Seine Athleten bekamen nach jedem Schuhwechsel Muskelkater – diese kleine Veränderung war also ausreichend.

Biosignatur-Modulation

F: Ich lese immer wieder Kleinigkeiten über die Biosignatur-Modulation – was genau ist das eigentlich?
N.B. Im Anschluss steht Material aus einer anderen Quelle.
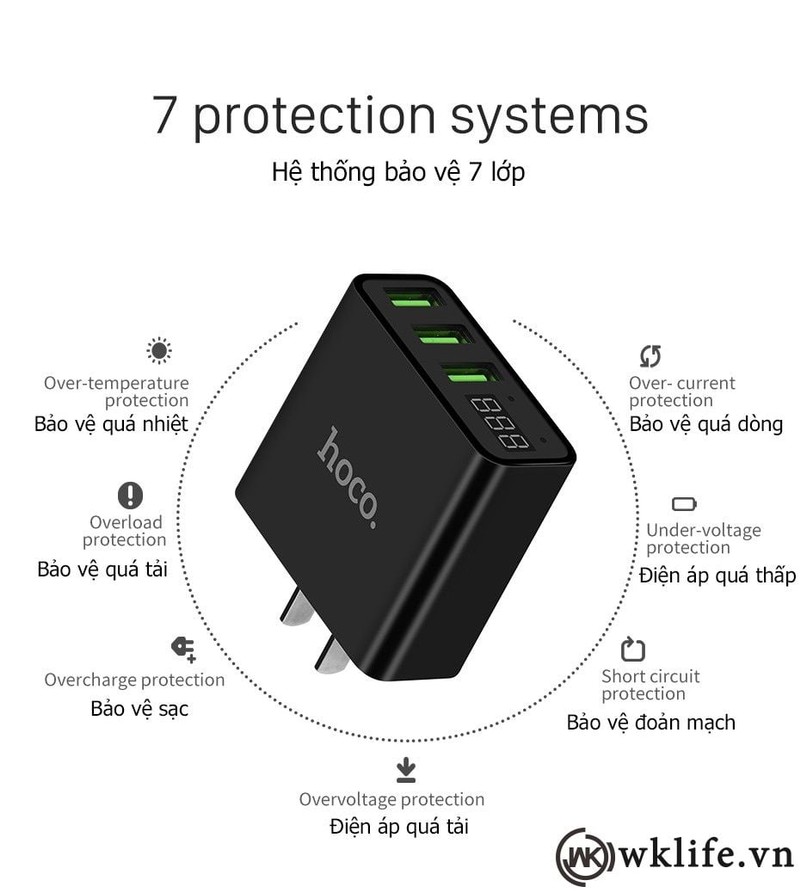 Cốc Sạc HOCO 3 cổng USB C15 điện áp 3A - màn hình LCD hiển thị điện áp (Đen hoặc trắng) - Hàng nhập khẩu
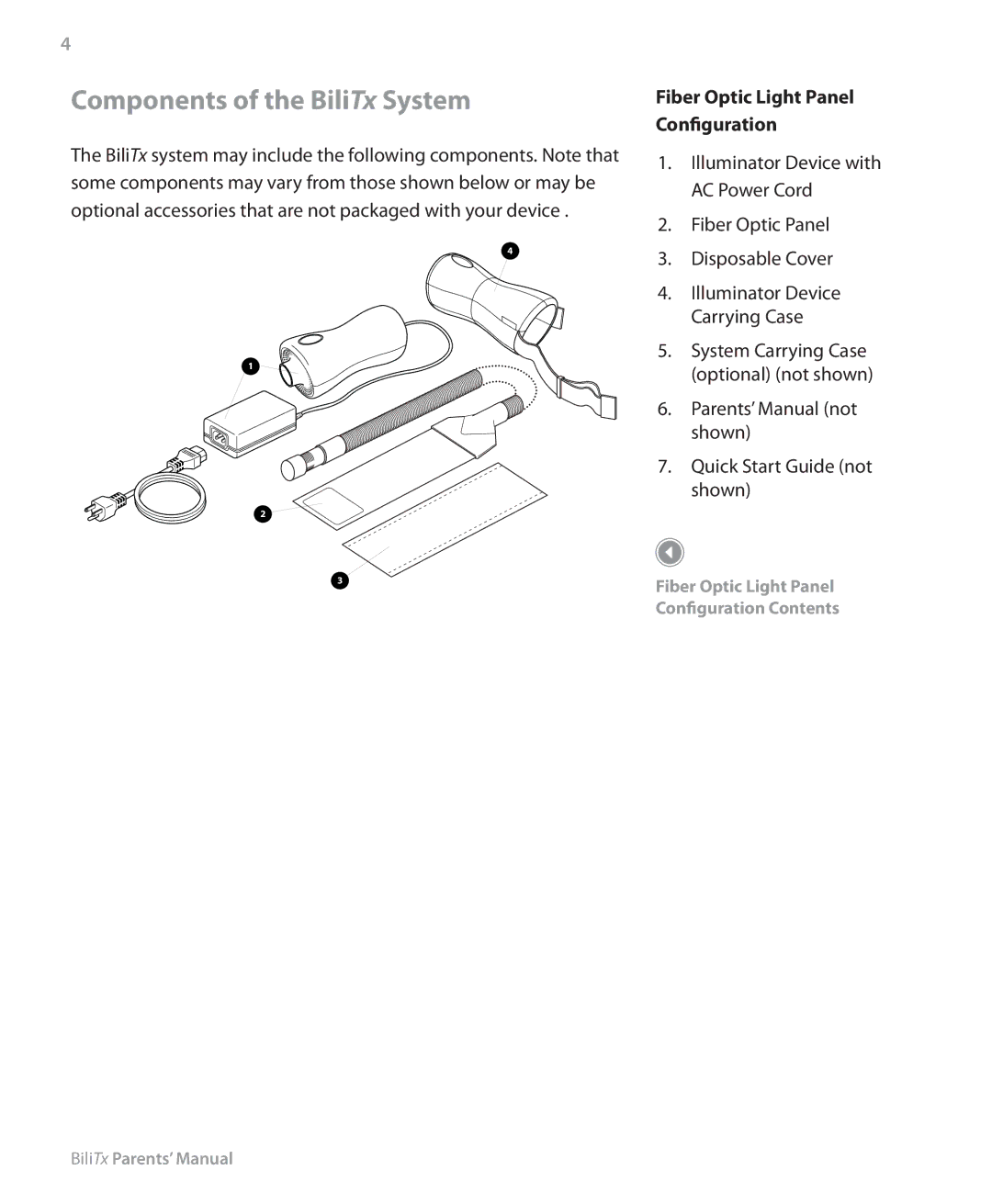 Philips 1045219 manual Components of the BiliTx System, Fiber Optic Light Panel Configuration 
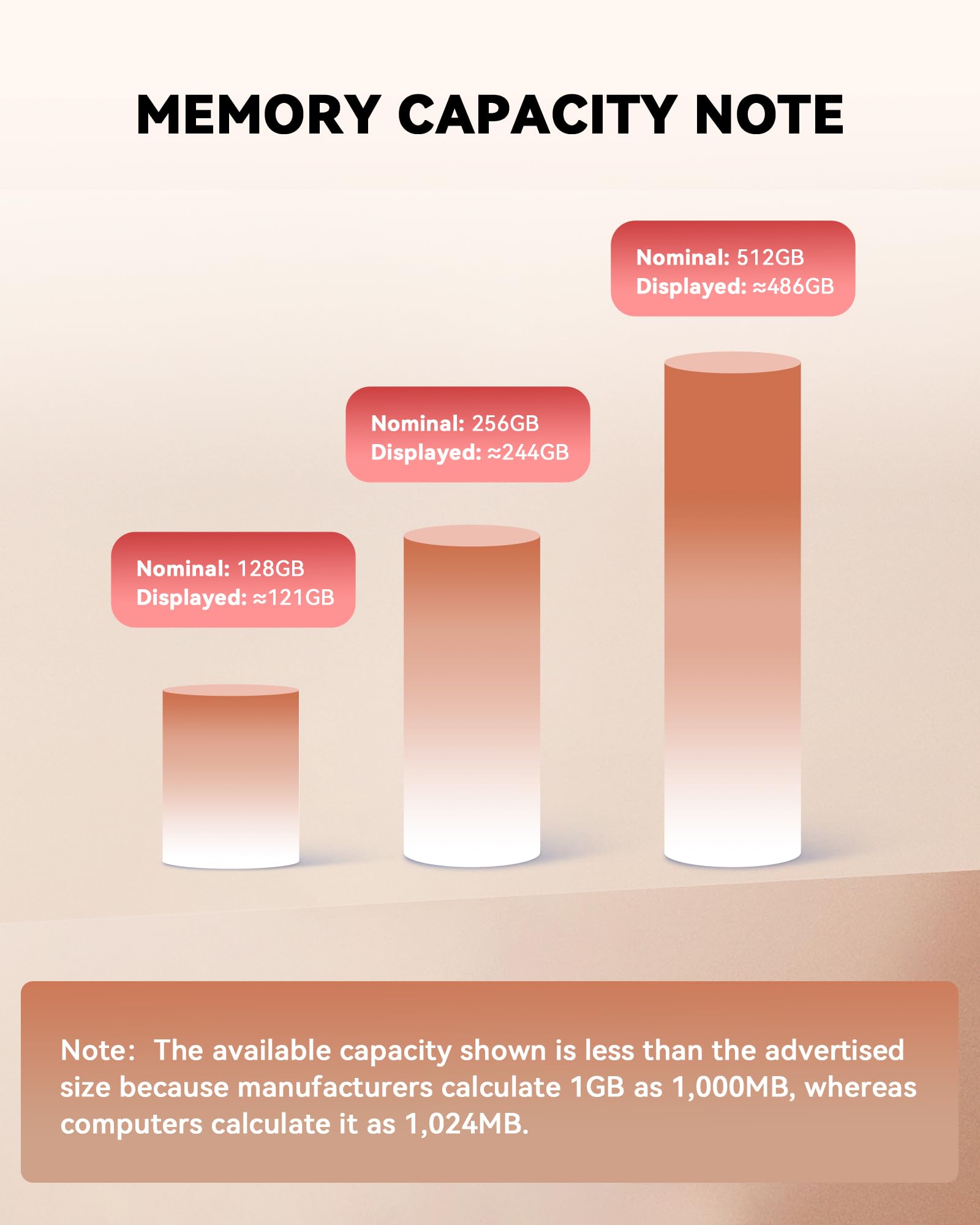 MFi Certified 512GB Flash Drive for iPhone Photo Stick, USB Thumb Drive Memory Stick High Speed USB Drive Photo Storage for iPhone Compatible for iPhone/iPad/Android/PC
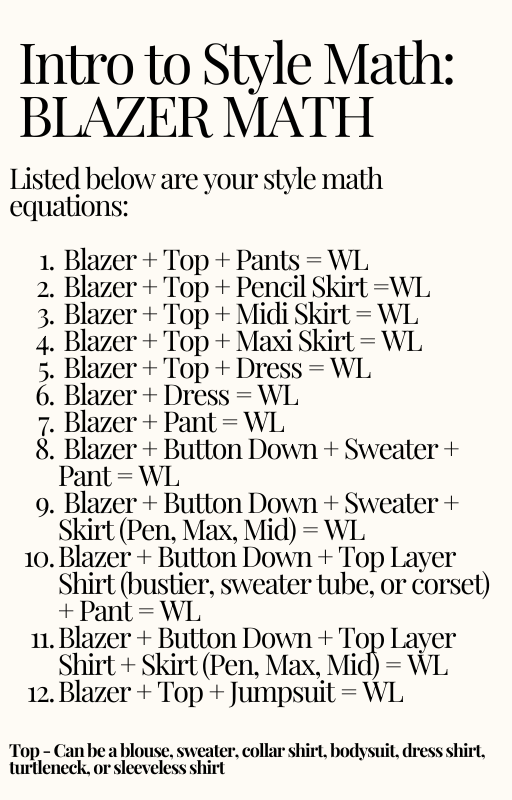 I'm Returning to Work eBook - Styling Guide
A: Ganz einfach gesagt kann man anhand deiner Fettspeicherung im Körper bzw. der Körperzonen dieser ein Hormonprofil erstellen. Zum Beispiel ist die Dicke deiner Fettschicht am Bauchnabel die Reflektion der Cortisolausschüttung, also eine direkte Reflexion deiner Stresslevel und deiner Fähigkeit, mit diesem umzugehen.

Biosignatur-Modulation kann auch Aufschluss auf die Beziehung zwischen Insulin-,Cortisol-,Schilddrüsenhormon-,Wachstumshormon-,Androgen- und Östrogenspiegel und der jeweiligen Körperfettfalte. - Es ist ein einfacher Algorithmus. Über die Jahre habe ich die Blutwerte und die korrelierenden Körperfettfalten (12-Falten-Tests) gesammelt und die Veränderung der Blutwerte mit der Veränderung der Falten.

Neuerdings besuchen viele Ärzte meine Biosignatur-Modulations-Seminare. Zum Beispiel sagt Dr. Mark Houston, Direktor des Hypertension Institutes, dass dies die beste nicht-invasive (nicht in den Körper eindringende) Methode sei, um Insulinresistenz zu messen. Ich werde demnächst eine Studie an einer Militärakademie mit 3000 Probanden machen und die Ergebnisse mit dem Dexa-Scan und 2 neuen Laser-Caliper-Methoden, gepaart mit vielen Bluttests.

Ärzte sind an dieser Methode deshalb so interessiert, weil man so den Hormonhaushalt vor einer Speichelprobe oder Bluttest bestimmen kann. Das spart Patienten und Ärzten viel Geld, weil der Arzt schon genau weiß, nach was er schauen muss. Früher haben 98% Kraft-Coaches mein Seminar besucht, heute 50% Doktoren und es ist unser bestverkauftes Seminar geworden.